In Python, sets are hash-sets, and lists are dynamic arrays. Inserting is O(1) for both, but checking if an element exists is O(n) for the list and O(1) for the set.

So option 1 is immediately out. If you are inserting n items and need to check the list every time, then the overall complexity becomes O(n^2).

Options 2 and 3 are both optimal at O(n) overall. Option 2 might be faster in micro-benchnarks because you don't need to move objects between collections.
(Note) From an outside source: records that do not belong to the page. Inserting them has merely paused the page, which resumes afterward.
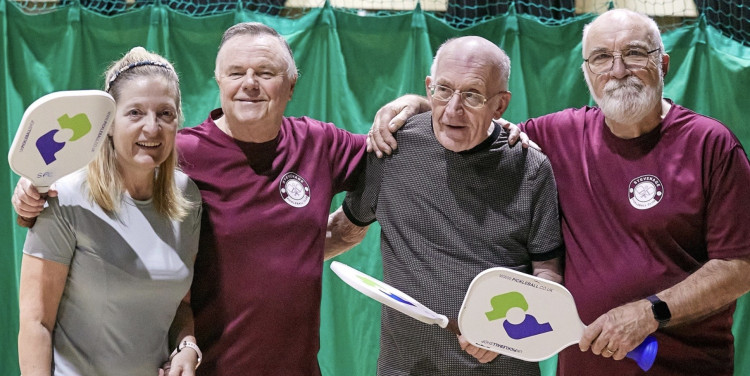 Pickleball combines elements of tennis, badminton and table tennis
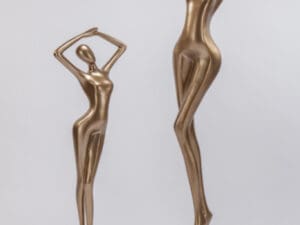 Artmax Floor Cheer Gold Sculpture3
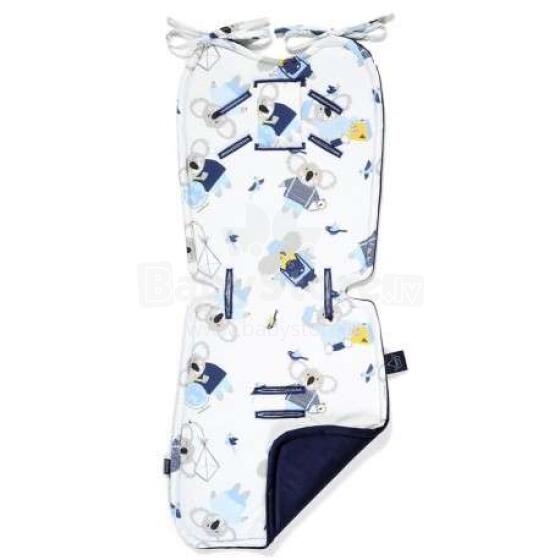 La Millou Art. 84233 Stroller Pad Hello World-Royal Navy Mīksts ieliktnis ratiņiem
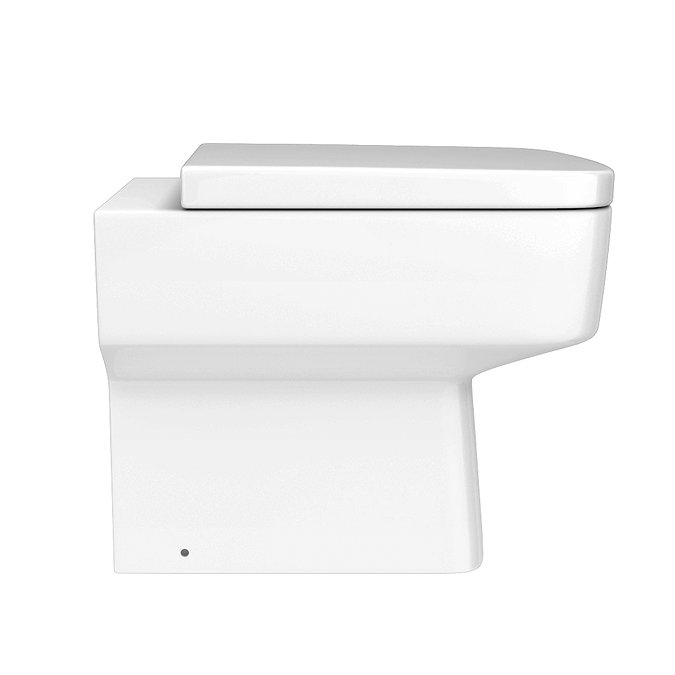 Brooklyn White Gloss Combined Two-In-One Wash Basin, Toilet & Flush Plate (500mm wide x 300mm)  Newe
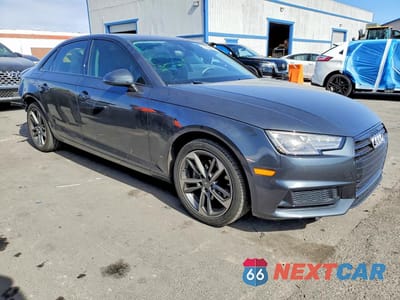 Czwarte zdjęcie samochodu z boku: 2019 AUDI A4 PREMIUM VIN:WAUGMAF40KN018388 - miniatura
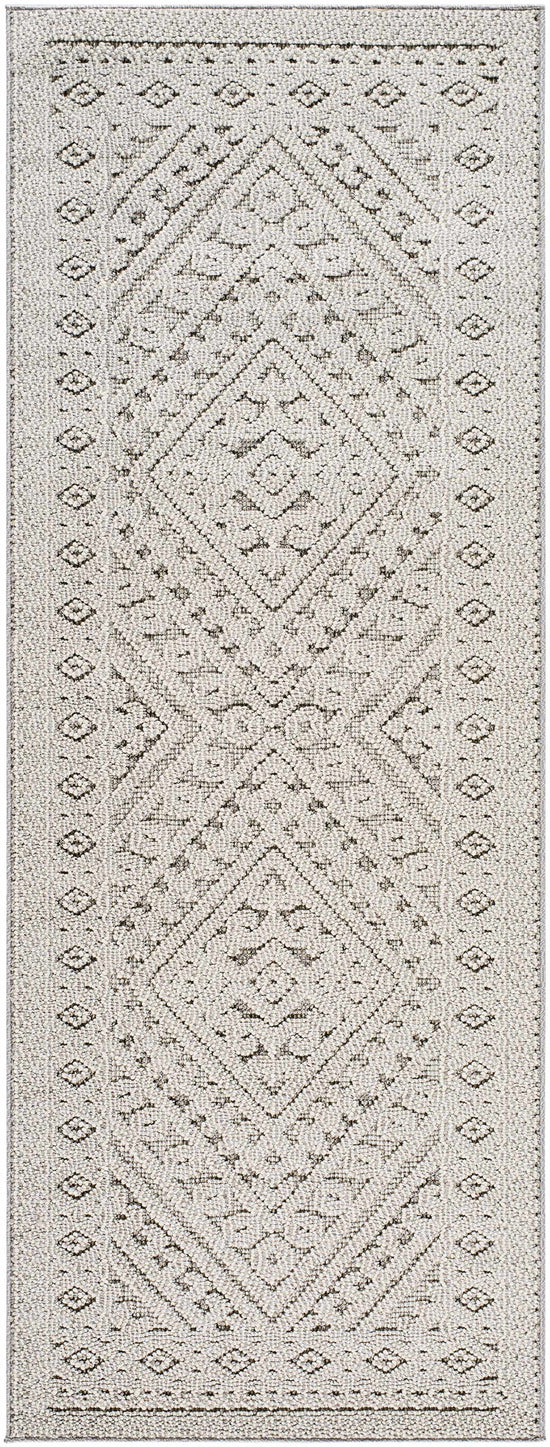 Hibah Natural Gray Outdoor Area Rug - Clearance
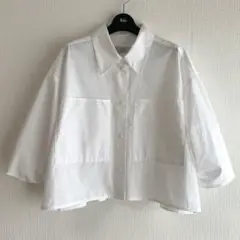 IENA イエナ maison FABRICAクロップドシャツ ホワイト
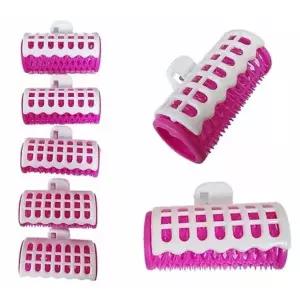 헤어집게롤 10개 집게헤어롤 인파우치 헤어스타일셋팅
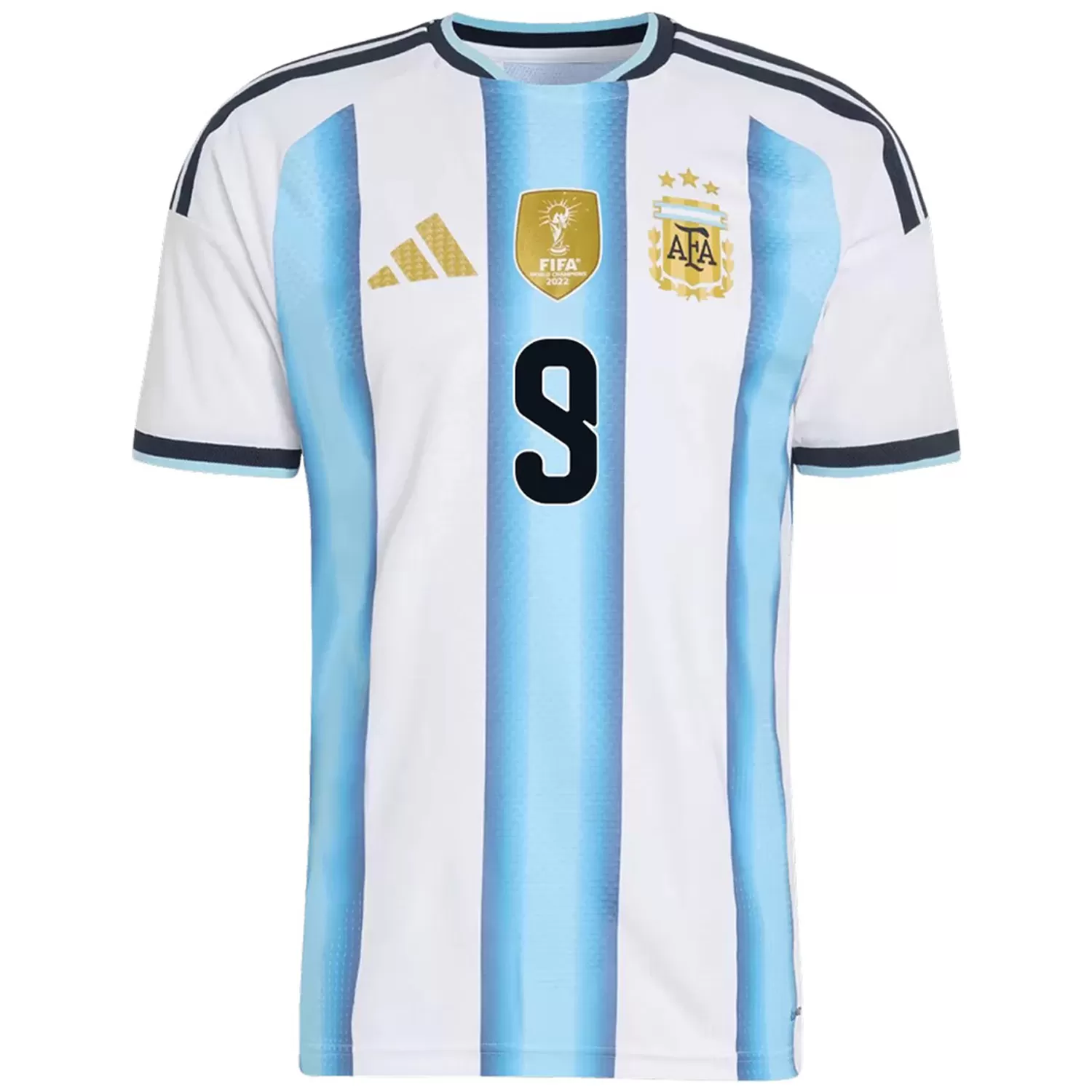 J.ÁLVAREZ #9 Argentina Home Match Jersey Player Version 2025/26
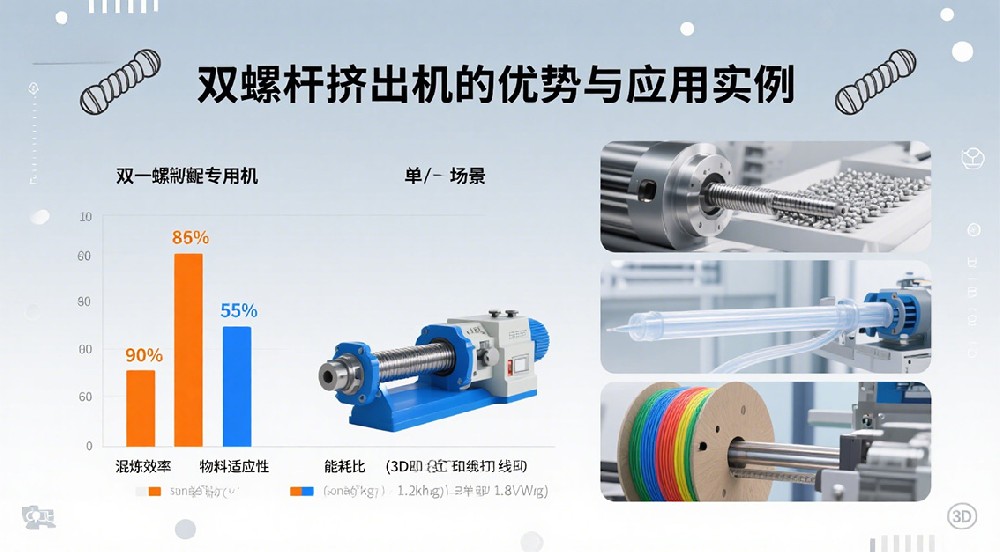 雙螺桿擠出機(jī)的優(yōu)勢(shì)與應(yīng)用實(shí)例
In practice, choose the option that is easier to read and maintain in your specific circumstance.

i agree with the previous analysis that option B is best, but a micro benchmark is often illuminating in these situations:

import time

class Timer(object):
  def __init__(self, desc):
    self.desc = desc
  def __enter__(self):
    self.start = time.time()
  def __exit__(self, type, value, traceback):
    self.finish = time.time()
    print self.desc, 'took', self.finish - self.start

data = list(range(4000000))

with Timer('option 2'):
  myset = set()
  for x in data: myset.add(x)

with Timer('option 3'):
  mylist = list()
  for x in data: mylist.append(x)
  myset = set(mylist)

the results were surprising to me:

$ python test.py 
option 2 took 0.652163028717
option 3 took 0.748883008957

i would have expected at least a 2x speed difference.

So, I timed a few different options, and after a few iterations, came up with the following strategies. I thought that sets2 would be the winner, but listToSet2 was faster for every single type of group.

All of the functions except for listFilter were in the same ballpark - listFilter was much slower.

import random
import collections

small = [[random.randint(1,25) for _ in range(5)] for i in range(100)]
medium = [[random.randint(1,250) for _ in range(5)] for i in range(1000)]
mediumLotsReps = [[random.randint(1,25) for _ in range(5)] for i in range(1000)]
bigGroups = [[random.randint(1,250) for _ in range(75)] for i in range(100)]
huge = [[random.randint(1,2500) for _ in range(5)] for i in range(10000)]

def sets(groups):
    results = collections.defaultdict(set)
    for group in groups:
        for i in group:
            for j in group:
                if i is not j:
                    results[i].add(j)
    return results

def listToSet(groups):
    results = collections.defaultdict(list)
    for group in groups:
        for i,j in enumerate(group):
            results[j] += group[:i] + group[i:]
    return {k:set(v) for k, v in results.iteritems()}

def listToSet2(groups):
    results = collections.defaultdict(list)
    for group in groups:
        for i,j in enumerate(group):
            results[j] += group
    return {k:set(v)-set([k]) for k, v in results.iteritems()}

def sets2(groups):
    results = collections.defaultdict(set)
    for group in groups:
        for i in group:
            results[i] |= set(group)
    return {k:v - set([k]) for k, v in results.iteritems()}

def listFilter(groups):
    results = collections.defaultdict(list)
    for group in groups:
        for i,j in enumerate(group):
            filteredGroup = group[:i] + group[i:]
            results[j] += ([k for k in filteredGroup if k not in results[j]])
    return results